(1.) The unsuccessful complainant in C.C. No.30 of 1998 preferred this appeal under Section 255(1) Cr.P.C with leave under Section 378(4) Cr.P.C aggrieved by the Judgment dated 09.01.2002 adjudged by the learned Judicial Magistrate of the First Class, Yellandu.
(2.) The complainant filed the private complaint case under Section 200 Cr.P.C for the offence punishable under Section 138 of the Negotiable Instruments Act, 1881 (in short, 'the Act') against the accused based on a dishonoured cheque dated 16.09.1997 for an amount of Rs.50,000/-. The cheque said to have been drawn by the accused in his favour in lieu of the promissory note executed on 01.08.1994 undertaking to pay a sum of Rs.35,000/- with interest at 24% p.a. thereon. From the averments of the complaint, when said cheque presented through their banker the same was returned dishonoured on the ground of "the account was closed". Ex.P-2 is the bank voucher and Ex.P-3 and P-4 are memos. On the strength of the same the complainant issued Ex.P-5 legal notice dated 28.10.1997 and same was returned which was disclosed by Ex.P-7. The case was taken on file and cognizance against the accused for the offence under Section 138 of the Act. On appearance of the accused and after pleaded not guilty in examination under Section 251 Cr.P.C, trial was conducted as a summons case. From said evidence of complainant as P.W-1 coupled with the officer of the Bank as P.W-2 in proof of the dishonoured cheque and P.W-3 is the Assistant Director, Forensic Science Laboratory with reference to Exs.P-8 to P-13 requisition, opinion along with reasons, photo chart and negatives regarding the signature opining that of the accused, the case was ended in acquittal on the finding of guilt not proved holding that the account was closed much earlier to the issuing of cheque and hence, the accused cannot be prosecuted though the cheque was dishonoured.

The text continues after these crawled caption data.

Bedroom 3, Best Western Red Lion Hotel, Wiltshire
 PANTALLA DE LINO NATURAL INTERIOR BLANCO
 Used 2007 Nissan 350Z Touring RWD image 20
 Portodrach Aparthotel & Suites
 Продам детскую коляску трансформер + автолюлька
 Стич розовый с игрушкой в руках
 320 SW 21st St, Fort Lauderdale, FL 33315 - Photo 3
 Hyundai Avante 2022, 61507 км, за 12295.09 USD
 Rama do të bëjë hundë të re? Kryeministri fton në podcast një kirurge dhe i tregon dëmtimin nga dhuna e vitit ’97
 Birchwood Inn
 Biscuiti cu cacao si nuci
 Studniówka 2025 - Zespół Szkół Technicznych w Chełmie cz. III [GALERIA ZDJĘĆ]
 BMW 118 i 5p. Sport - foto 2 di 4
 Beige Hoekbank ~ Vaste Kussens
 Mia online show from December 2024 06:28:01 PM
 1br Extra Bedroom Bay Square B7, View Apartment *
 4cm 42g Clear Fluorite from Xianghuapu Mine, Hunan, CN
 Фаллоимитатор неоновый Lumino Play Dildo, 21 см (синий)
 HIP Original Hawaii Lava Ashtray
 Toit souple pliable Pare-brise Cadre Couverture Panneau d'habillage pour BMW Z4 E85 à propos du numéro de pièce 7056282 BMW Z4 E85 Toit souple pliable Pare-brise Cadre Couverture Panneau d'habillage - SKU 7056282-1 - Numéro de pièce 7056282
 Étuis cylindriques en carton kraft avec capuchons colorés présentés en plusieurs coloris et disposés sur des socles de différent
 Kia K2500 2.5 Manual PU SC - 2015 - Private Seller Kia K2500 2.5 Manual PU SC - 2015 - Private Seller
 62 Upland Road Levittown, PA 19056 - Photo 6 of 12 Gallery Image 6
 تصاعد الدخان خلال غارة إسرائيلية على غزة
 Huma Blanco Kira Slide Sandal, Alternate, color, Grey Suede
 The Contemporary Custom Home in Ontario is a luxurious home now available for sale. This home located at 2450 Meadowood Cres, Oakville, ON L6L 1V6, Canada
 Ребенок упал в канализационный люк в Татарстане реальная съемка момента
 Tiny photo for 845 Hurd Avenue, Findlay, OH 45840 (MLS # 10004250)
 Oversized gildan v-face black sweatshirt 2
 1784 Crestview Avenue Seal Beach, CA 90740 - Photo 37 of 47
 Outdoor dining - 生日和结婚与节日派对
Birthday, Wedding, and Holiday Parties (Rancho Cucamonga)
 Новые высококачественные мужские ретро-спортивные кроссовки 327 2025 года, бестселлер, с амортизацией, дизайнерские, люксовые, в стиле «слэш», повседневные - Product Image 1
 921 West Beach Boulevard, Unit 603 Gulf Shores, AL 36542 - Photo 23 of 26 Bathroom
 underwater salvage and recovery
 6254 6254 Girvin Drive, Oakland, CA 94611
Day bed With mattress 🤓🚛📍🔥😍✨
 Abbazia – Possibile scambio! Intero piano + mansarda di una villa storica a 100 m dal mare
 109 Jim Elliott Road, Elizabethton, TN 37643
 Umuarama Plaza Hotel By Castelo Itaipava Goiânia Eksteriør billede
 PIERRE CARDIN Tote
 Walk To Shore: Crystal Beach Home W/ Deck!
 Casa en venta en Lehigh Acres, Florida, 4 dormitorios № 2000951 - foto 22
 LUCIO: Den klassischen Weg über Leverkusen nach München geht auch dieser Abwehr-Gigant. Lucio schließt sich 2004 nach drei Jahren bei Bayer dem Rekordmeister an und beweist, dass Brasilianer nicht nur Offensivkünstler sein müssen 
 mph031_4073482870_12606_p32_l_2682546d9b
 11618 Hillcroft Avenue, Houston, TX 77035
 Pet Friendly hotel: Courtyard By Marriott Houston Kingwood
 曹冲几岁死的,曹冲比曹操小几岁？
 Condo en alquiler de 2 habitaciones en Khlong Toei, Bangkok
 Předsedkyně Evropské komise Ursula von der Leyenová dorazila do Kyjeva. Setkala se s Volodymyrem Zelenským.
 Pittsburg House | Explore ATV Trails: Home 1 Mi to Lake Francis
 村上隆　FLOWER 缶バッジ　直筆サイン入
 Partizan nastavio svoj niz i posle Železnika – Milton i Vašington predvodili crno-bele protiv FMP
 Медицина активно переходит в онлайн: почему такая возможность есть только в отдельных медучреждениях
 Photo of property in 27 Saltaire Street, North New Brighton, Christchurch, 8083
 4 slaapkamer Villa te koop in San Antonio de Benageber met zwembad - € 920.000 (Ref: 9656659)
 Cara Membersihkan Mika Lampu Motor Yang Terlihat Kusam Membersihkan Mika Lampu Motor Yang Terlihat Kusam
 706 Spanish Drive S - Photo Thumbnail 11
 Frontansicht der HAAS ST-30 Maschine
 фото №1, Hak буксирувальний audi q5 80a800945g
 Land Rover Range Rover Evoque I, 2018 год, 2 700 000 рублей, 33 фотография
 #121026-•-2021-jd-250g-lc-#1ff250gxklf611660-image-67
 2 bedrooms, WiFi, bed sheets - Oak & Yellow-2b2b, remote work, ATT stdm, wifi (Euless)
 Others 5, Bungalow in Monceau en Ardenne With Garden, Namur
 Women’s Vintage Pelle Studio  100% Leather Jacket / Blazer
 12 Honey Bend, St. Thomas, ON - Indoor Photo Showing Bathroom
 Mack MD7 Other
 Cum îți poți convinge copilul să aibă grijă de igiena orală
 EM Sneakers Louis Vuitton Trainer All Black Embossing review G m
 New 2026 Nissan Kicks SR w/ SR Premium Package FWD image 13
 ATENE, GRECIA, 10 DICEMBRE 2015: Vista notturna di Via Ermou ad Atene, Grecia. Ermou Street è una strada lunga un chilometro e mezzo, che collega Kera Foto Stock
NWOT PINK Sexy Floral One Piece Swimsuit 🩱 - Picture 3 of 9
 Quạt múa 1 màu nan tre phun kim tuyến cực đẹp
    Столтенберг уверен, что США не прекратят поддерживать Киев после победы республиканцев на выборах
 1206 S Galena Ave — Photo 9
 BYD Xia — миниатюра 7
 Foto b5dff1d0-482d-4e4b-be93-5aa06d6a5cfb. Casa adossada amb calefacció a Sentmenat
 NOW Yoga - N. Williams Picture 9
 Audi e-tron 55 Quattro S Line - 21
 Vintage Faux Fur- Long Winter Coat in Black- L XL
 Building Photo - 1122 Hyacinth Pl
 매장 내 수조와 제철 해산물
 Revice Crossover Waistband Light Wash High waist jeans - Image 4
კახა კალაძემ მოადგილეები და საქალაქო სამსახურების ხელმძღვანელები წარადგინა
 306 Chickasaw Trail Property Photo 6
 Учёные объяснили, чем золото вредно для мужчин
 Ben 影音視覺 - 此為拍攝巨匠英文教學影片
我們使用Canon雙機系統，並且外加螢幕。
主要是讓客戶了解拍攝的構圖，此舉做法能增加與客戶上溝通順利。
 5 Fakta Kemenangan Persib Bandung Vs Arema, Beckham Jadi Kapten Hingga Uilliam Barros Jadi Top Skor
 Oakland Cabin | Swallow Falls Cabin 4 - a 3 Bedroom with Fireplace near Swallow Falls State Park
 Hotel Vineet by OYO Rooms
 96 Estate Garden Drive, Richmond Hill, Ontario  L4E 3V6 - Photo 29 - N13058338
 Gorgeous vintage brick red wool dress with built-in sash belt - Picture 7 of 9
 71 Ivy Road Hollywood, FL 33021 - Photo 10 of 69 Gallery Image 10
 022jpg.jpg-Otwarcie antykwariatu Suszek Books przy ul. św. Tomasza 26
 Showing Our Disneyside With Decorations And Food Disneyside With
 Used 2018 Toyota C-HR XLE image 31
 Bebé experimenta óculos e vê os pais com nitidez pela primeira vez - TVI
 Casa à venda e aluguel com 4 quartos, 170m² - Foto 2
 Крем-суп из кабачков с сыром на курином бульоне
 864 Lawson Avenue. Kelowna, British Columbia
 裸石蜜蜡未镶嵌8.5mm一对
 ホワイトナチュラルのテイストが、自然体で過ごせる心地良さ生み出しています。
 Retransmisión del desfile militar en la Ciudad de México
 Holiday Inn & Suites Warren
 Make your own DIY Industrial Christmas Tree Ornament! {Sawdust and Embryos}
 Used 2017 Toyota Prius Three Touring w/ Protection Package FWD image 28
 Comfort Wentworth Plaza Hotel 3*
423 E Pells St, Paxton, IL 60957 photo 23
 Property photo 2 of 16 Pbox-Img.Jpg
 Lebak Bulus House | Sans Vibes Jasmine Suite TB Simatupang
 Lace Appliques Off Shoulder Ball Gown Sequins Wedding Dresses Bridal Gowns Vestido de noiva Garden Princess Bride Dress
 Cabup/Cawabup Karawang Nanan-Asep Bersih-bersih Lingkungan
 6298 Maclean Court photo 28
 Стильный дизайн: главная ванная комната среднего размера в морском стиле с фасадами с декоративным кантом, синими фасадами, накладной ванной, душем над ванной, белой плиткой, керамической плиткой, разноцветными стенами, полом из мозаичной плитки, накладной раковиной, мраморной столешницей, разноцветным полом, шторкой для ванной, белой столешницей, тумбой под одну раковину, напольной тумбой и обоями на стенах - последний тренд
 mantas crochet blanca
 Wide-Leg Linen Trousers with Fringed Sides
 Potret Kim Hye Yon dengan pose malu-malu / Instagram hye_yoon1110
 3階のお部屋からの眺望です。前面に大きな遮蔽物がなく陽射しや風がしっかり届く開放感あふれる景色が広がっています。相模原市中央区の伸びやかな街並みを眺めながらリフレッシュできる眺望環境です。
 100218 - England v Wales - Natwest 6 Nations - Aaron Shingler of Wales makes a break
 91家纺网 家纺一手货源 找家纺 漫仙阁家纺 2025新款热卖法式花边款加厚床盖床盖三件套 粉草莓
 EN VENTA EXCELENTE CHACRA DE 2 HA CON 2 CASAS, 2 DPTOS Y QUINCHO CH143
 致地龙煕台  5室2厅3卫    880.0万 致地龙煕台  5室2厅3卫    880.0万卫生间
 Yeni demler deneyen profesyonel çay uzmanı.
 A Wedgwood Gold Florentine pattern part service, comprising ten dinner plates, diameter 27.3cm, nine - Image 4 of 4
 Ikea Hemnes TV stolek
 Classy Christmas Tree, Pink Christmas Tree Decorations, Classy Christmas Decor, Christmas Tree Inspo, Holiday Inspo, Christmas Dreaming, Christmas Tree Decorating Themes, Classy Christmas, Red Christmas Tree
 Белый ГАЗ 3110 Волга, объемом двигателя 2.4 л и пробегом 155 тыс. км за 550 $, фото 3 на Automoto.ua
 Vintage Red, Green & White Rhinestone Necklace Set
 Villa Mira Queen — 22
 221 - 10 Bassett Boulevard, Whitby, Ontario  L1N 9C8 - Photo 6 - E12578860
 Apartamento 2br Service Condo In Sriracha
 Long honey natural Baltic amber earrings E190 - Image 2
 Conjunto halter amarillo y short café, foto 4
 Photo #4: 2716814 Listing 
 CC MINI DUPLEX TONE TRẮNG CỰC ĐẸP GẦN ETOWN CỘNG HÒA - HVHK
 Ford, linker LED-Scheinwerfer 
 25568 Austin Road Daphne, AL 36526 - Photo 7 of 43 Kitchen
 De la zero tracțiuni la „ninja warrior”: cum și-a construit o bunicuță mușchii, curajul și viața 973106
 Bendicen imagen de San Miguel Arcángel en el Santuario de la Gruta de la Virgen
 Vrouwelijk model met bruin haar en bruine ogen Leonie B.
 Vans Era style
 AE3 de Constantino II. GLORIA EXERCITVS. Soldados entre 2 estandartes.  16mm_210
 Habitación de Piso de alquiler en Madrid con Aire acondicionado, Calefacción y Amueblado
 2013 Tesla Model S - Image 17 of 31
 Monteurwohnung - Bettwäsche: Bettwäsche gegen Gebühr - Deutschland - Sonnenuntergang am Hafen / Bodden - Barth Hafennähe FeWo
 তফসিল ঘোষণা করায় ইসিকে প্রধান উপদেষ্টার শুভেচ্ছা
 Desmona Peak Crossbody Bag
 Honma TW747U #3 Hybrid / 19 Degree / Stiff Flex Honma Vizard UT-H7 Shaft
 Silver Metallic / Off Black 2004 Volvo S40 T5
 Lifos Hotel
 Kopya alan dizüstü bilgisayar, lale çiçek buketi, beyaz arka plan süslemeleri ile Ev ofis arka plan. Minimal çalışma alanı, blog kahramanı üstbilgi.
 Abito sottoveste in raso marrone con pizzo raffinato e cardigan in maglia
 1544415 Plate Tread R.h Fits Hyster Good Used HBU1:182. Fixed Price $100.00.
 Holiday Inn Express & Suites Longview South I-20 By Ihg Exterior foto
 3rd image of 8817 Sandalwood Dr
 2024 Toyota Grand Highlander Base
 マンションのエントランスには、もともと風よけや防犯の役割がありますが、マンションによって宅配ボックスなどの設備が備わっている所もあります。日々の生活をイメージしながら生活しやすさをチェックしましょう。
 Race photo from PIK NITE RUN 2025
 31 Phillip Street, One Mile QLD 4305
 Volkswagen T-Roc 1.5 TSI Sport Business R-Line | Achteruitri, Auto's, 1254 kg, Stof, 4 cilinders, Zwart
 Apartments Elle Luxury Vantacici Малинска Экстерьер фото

(3.) The learned counsel for the appellant contended that the learned Magistrate committed grave error in acquitting the accused instead of finding guilty for the offence made out from the cheque issued, for the subsisting debt, was dishonoured, even notice issued cause managed from deemed service, the offence made out and cause of action subsists within the meaning of Section 142 read with 138 of the Act of an offence shall be deemed to have been committed with respect to presumption under Section 139 and 118(a) of the Act and to set aside the finding of the learned Magistrate in acquittal and to convict the accused.